SUPPLIED INFORMATION
****************************************
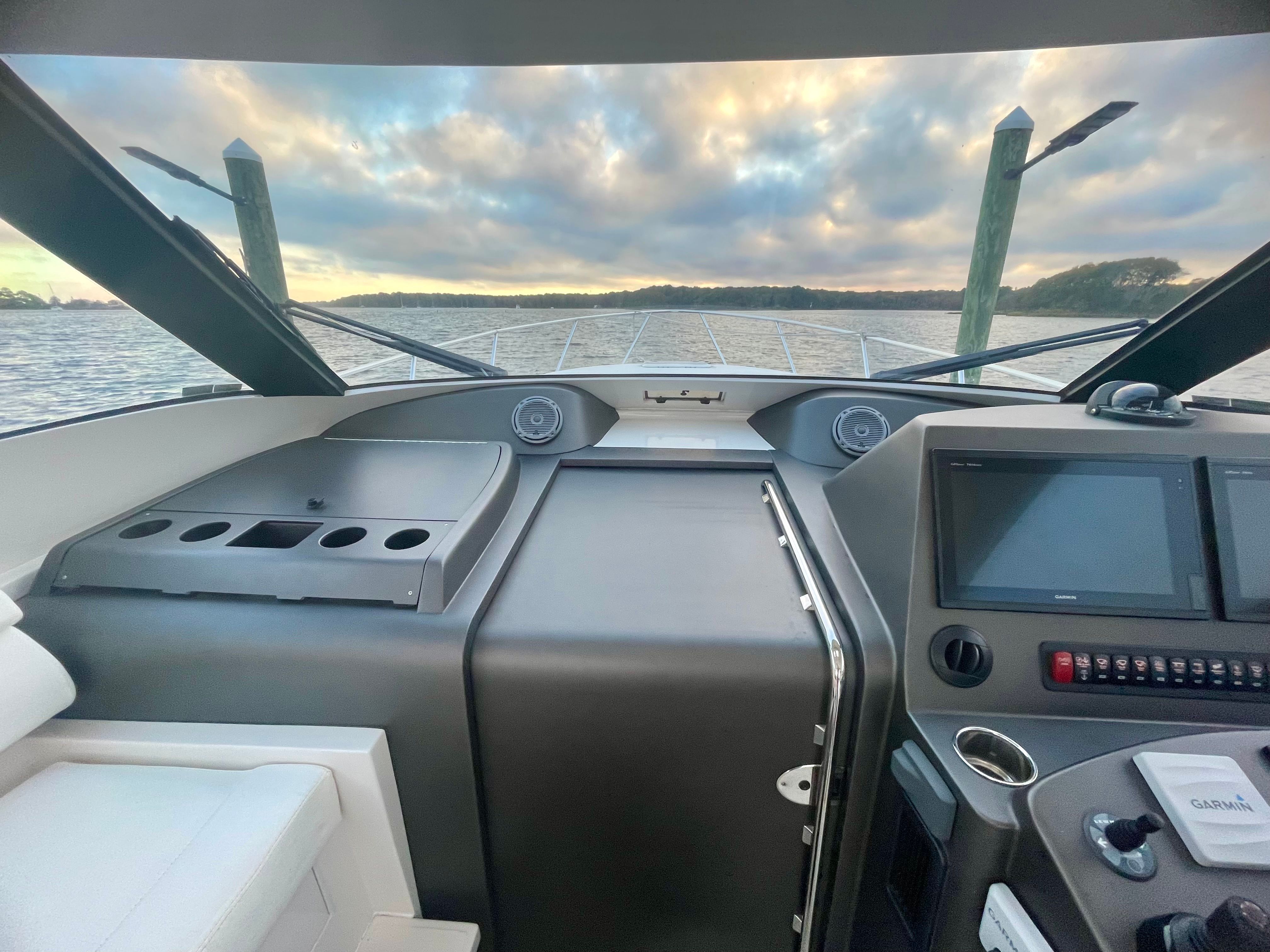 2015 Jupiter 41 SB - 29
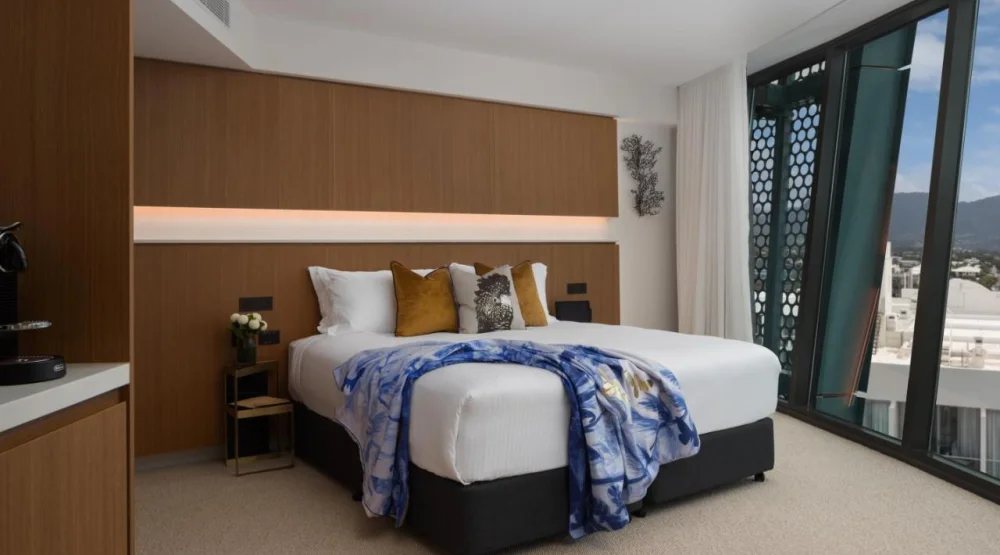 Urban Panoramic King at Crystalbrook Riley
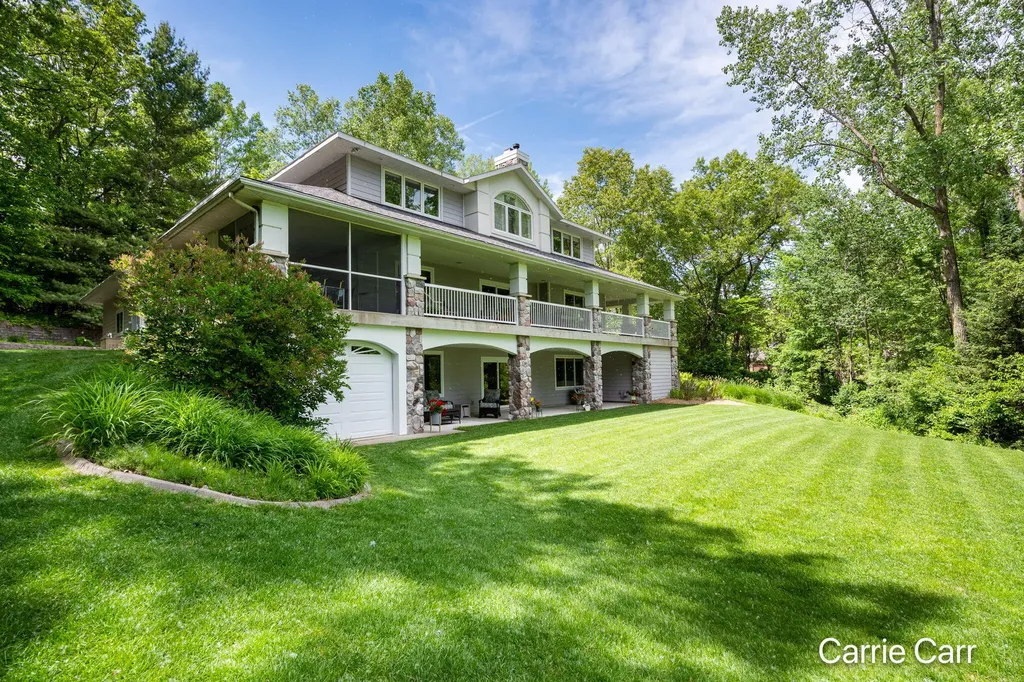 8170 Freska Lake Drive NE Plainfield Charter Township MI 49321
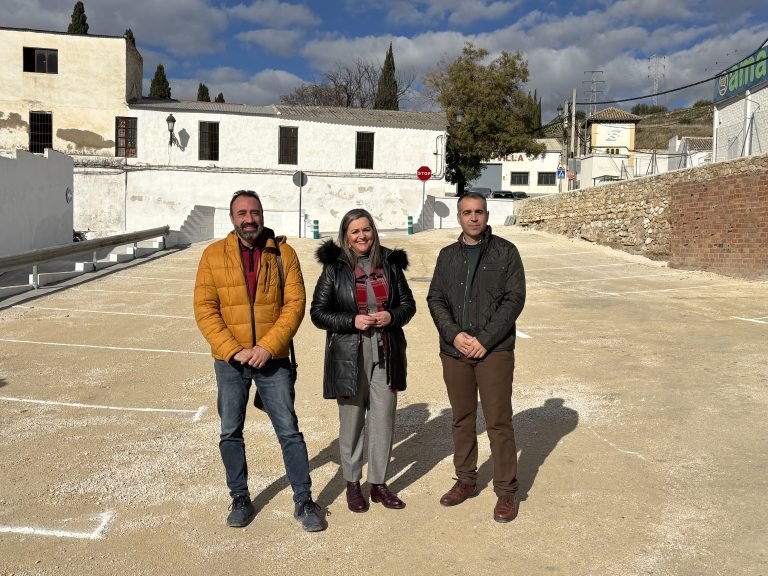 Abre al público el nuevo aparcamiento de la calle Carderos con 50 plazas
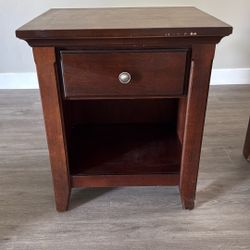 2 Nightstands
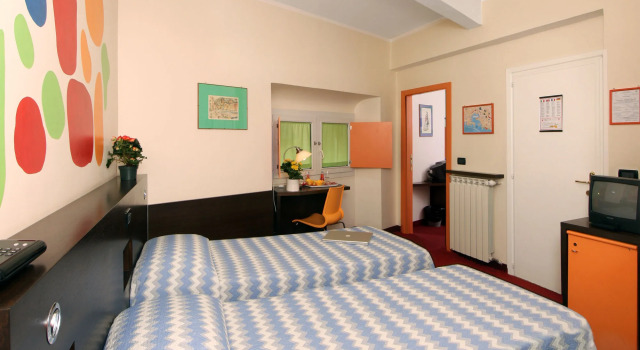 Hotel Cairoli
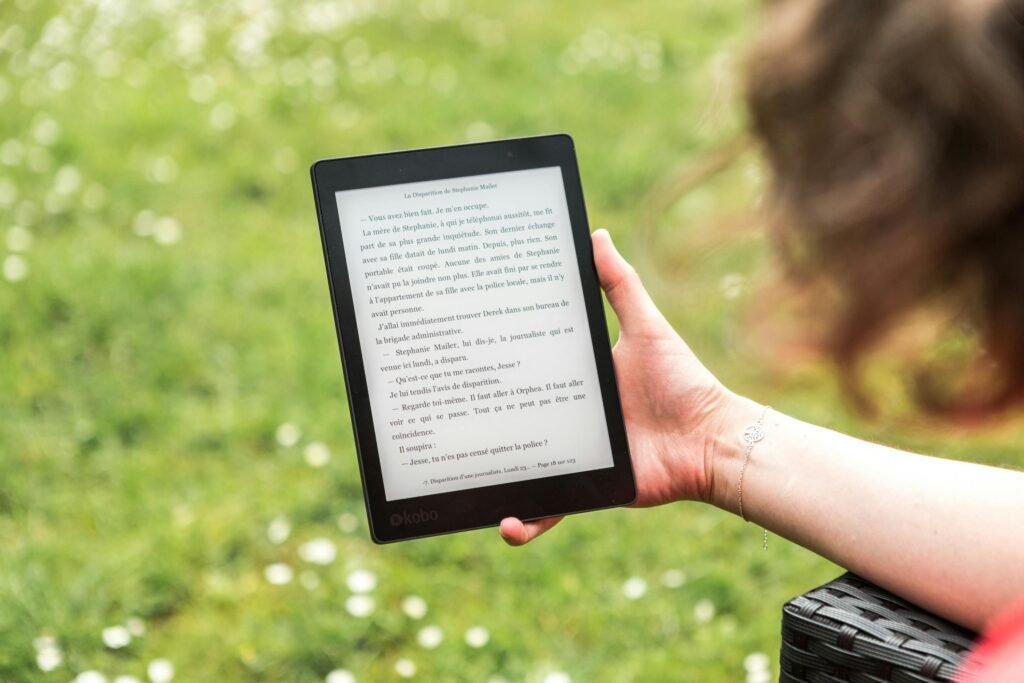 Reading on screens requires more focus. The constant light, the scrolling, the changes in color and movement—it all adds up. The brain works harder to filter out what’s important. That’s why students feel mentally drained after a long reading session on a device.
****************************************
TASK ITEM
Go back to the entries above and restate word for word every line from the first through the one that contains "Hotel Cairoli", leaving the pictures behind.

EXERCISE RESPONSE
 2015 Jupiter 41 SB - 29
 Urban Panoramic King at Crystalbrook Riley
 8170 Freska Lake Drive NE Plainfield Charter Township MI 49321
 Abre al público el nuevo aparcamiento de la calle Carderos con 50 plazas
 2 Nightstands
 Hotel Cairoli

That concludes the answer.